#### EXERCISE PROMPT
Each line below must be reproduced exactly as it stands. Pictures stay out of the copy.

#### COLLECTED MATERIAL
======
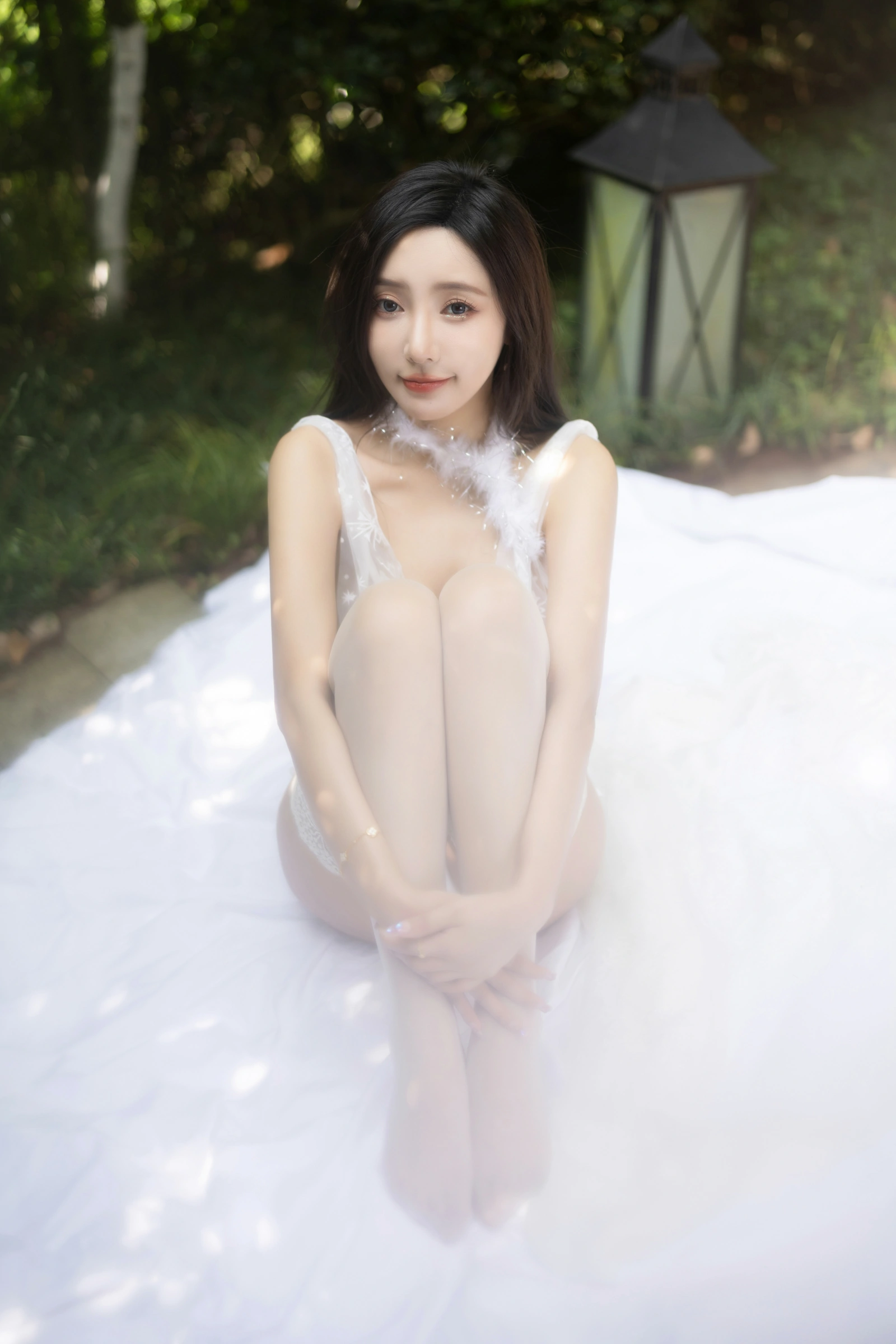 [秀人付费] 王馨瑶Yanni 诱人私拍福利 金色套装白色情趣 第 58 张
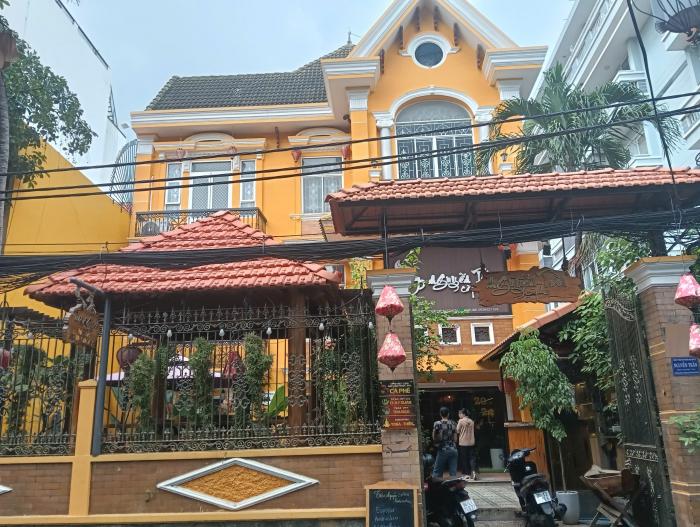 Cho thuê nhà góc 3 mặt tiền đường Lam Sơn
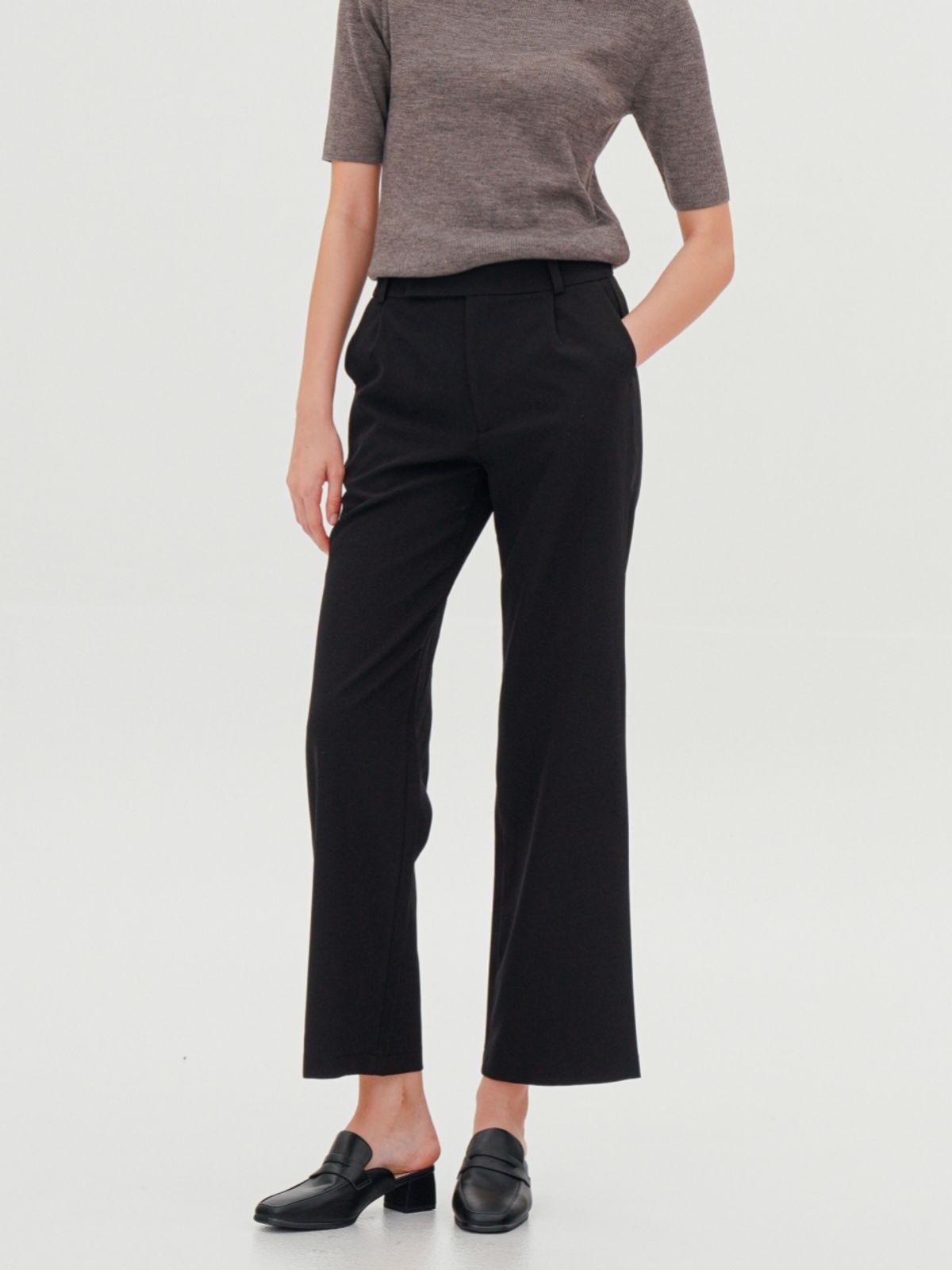 아쿠드(ACUD) Semi Wide Slacks _Black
======
#### RESPONSE
 [秀人付费] 王馨瑶Yanni 诱人私拍福利 金色套装白色情趣 第 58 张
 Cho thuê nhà góc 3 mặt tiền đường Lam Sơn
 아쿠드(ACUD) Semi Wide Slacks _Black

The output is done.